Through a database of local green enterprise partners, we have developed, we now place participants in relevant Job Shadows where they gain invaluable experience of the realities of running enterprises. We prioritize Job Shadows that have employment opportunities and, in this way, have secured many graduates work. The benefits to the network are that they are taking on youth that are educated and equipped and have proven their commitment to this work.


We are proud that: This boosts the local green economy through providing 16 000 free and capacitated hours and we grow partners that have started to articulate their skills gaps so that we can grow the training we offer to strengthen these.




We believe in participatory methodology. We run participatory workshops at the start of the program and start by defining exactly what we mean by resilience. This is empowering and creates a common purpose. We use the same process to map neighbourhood resilience, with locals giving meaningful input. We facilitate workshops with community members that have applied for the household and neighbourhood resilience design and implementation processes so that we can manage expectation and collectively decide on what the best strategies are for growing community resilience are. This helps us to evaluate what works and distil this into best practice that grows the effectiveness of the implementations and poised it for replication.

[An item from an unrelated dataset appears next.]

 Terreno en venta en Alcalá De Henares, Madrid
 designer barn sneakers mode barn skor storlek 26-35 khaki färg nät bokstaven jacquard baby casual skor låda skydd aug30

4. GROWING MULTIPLIERS (Training of Trainers)


Facilitators identify participating youth that are interested and have the aptitude to teach and invite them to the Training of Trainers Five Day workshop. This workshop teaches methodology, methods of learning and sees youth preparing and delivering lessons to a range of audiences.

We are proud that: Our lead facilitator is a Seeding Futures Alumnus. We employ youth to deliver aspects of the program, initially in a co-facilitator role. We are growing a broad base of confident and competent resilience teachers.




SEED believes in long-term relationships. All graduates are welcomed into the Alumni network, which meets for bi-monthly workshops that grow peer support and connection to relevant opportunities for further work, education and guide the voice of township youth in terms of what is needed for under-resourced communities in facing the realities of climate change.